> **Short descriptive text snippets**:
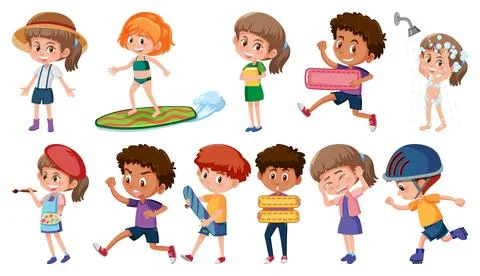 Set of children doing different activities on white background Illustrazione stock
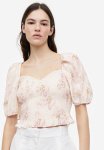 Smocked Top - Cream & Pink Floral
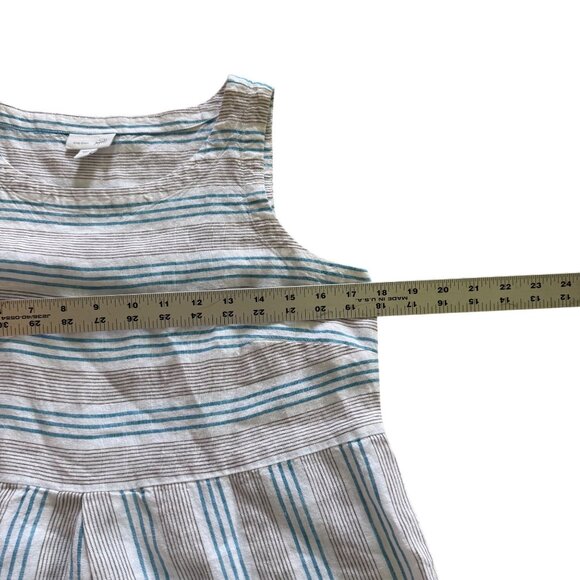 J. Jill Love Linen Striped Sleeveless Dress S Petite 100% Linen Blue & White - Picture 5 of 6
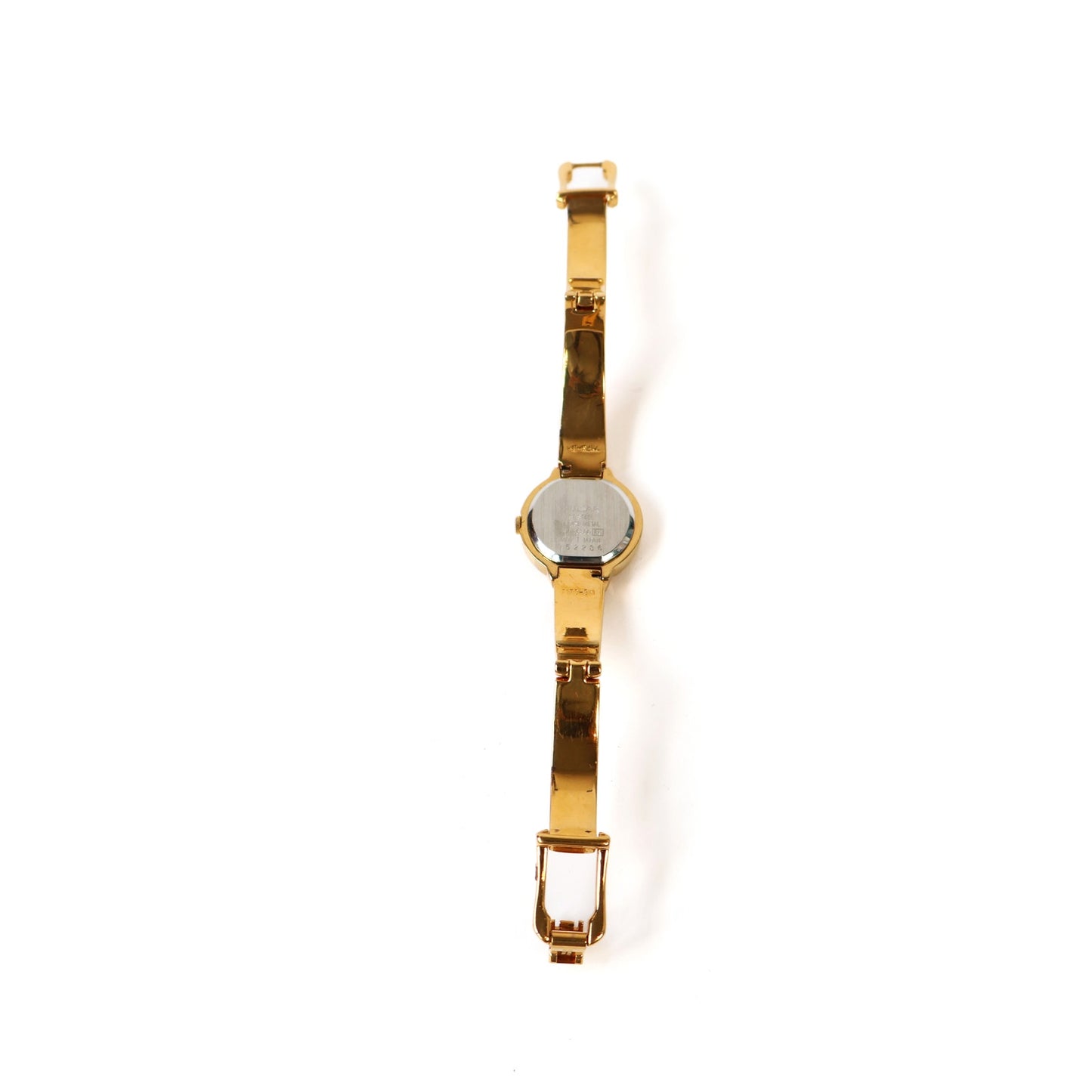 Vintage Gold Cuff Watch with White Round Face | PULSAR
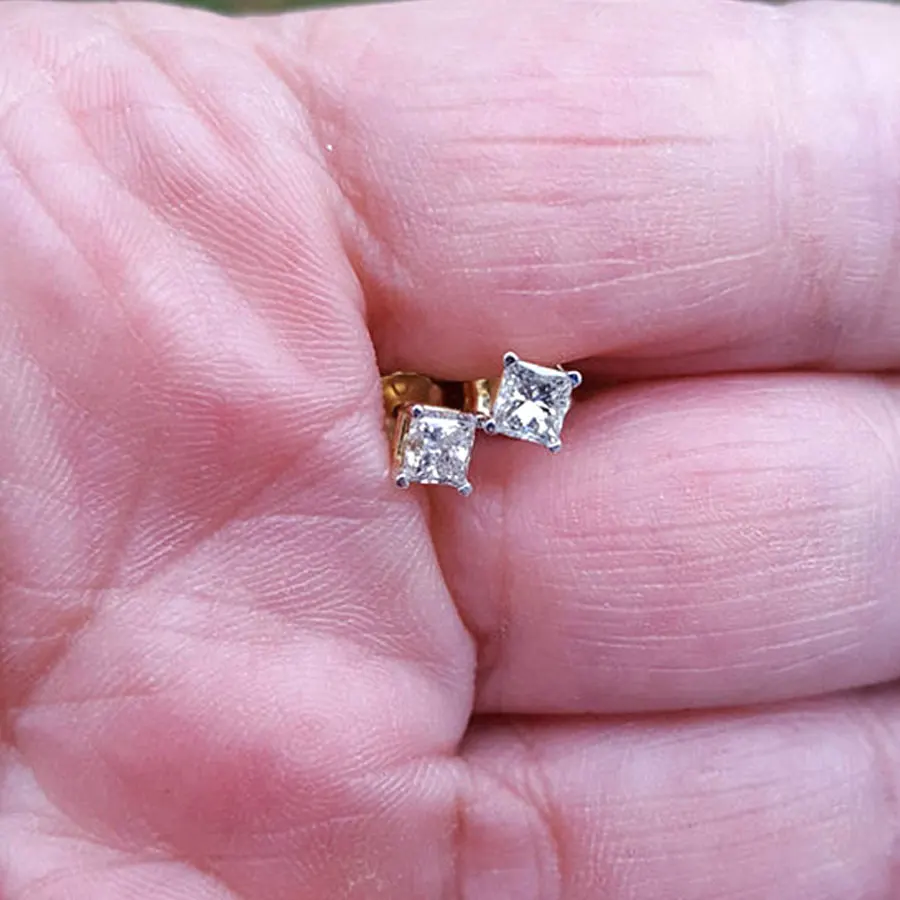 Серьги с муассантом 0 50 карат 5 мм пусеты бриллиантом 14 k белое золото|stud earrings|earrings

> **To do**: The answer must be the full set of records, repeated exactly, with no pictures.

> **Result of this task**:
 Set of children doing different activities on white background Illustrazione stock
 Smocked Top - Cream & Pink Floral
 J. Jill Love Linen Striped Sleeveless Dress S Petite 100% Linen Blue & White - Picture 5 of 6
 Vintage Gold Cuff Watch with White Round Face | PULSAR
 Серьги с муассантом 0 50 карат 5 мм пусеты бриллиантом 14 k белое золото|stud earrings|earrings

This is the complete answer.